• ASSIGNMENT: Could you transcribe all the entries exactly, omitting the pictures?

• Source records:
------------------------------------------------
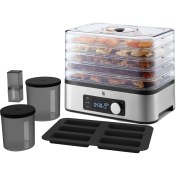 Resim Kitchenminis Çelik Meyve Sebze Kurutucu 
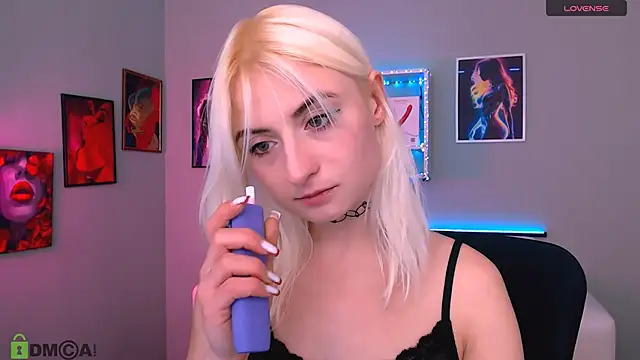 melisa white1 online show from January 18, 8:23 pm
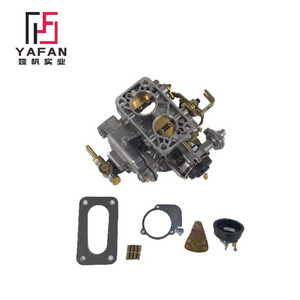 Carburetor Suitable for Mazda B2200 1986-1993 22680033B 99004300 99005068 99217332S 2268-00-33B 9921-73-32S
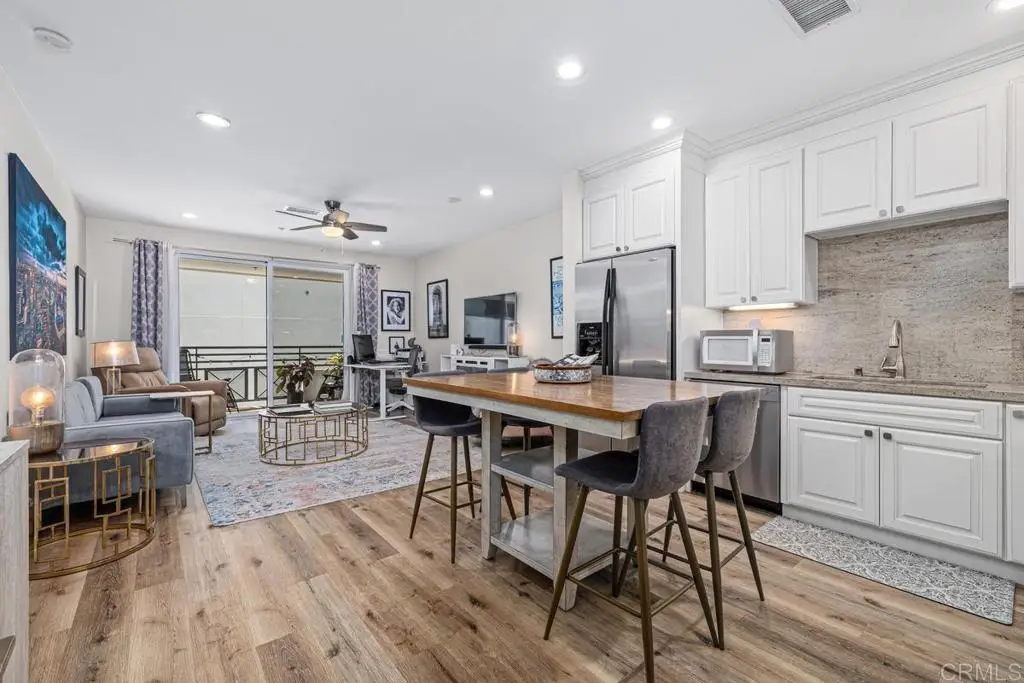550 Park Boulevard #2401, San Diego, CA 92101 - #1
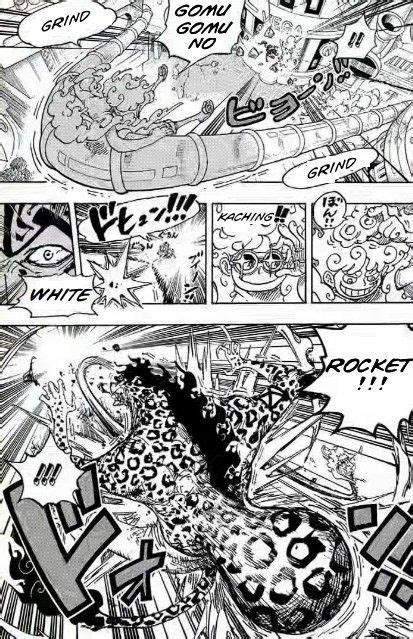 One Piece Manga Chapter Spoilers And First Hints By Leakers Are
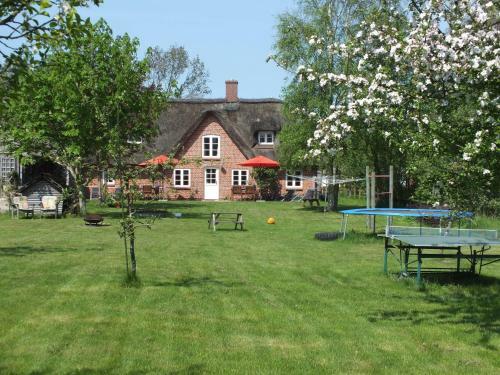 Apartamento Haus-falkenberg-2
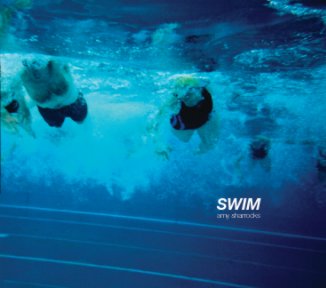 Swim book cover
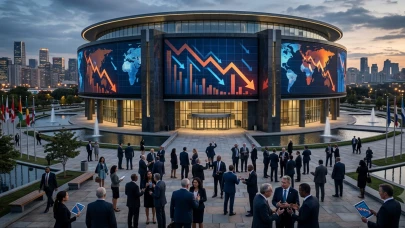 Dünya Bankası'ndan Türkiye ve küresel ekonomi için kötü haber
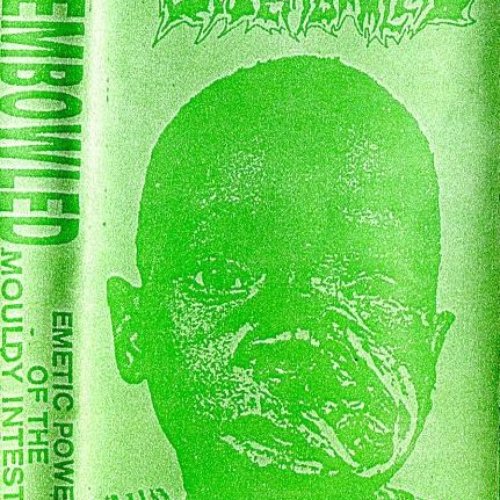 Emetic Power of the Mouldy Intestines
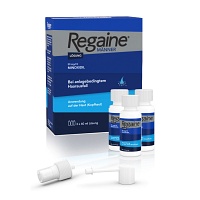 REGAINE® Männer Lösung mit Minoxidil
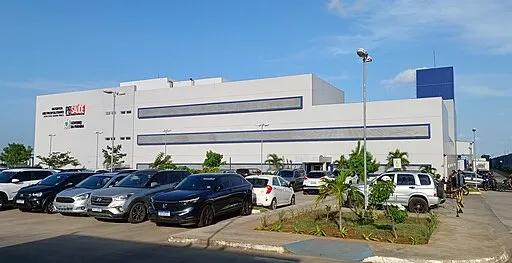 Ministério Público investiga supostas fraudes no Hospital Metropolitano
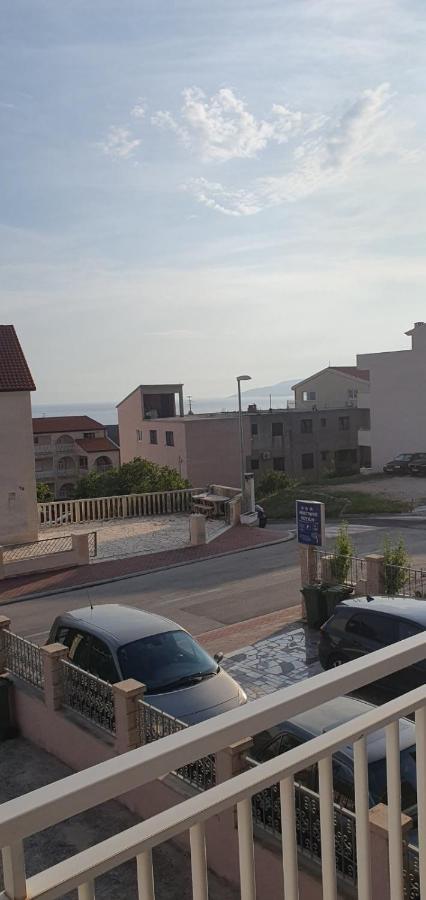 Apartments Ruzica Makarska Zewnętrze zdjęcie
------------------------------------------------
• ANSWER TO THIS EXERCISE:
 Resim Kitchenminis Çelik Meyve Sebze Kurutucu 
 melisa white1 online show from January 18, 8:23 pm
 Carburetor Suitable for Mazda B2200 1986-1993 22680033B 99004300 99005068 99217332S 2268-00-33B 9921-73-32S
550 Park Boulevard #2401, San Diego, CA 92101 - #1
 One Piece Manga Chapter Spoilers And First Hints By Leakers Are
 Apartamento Haus-falkenberg-2
 Swim book cover
 Dünya Bankası'ndan Türkiye ve küresel ekonomi için kötü haber
 Emetic Power of the Mouldy Intestines
 REGAINE® Männer Lösung mit Minoxidil
 Ministério Público investiga supostas fraudes no Hospital Metropolitano
 Apartments Ruzica Makarska Zewnętrze zdjęcie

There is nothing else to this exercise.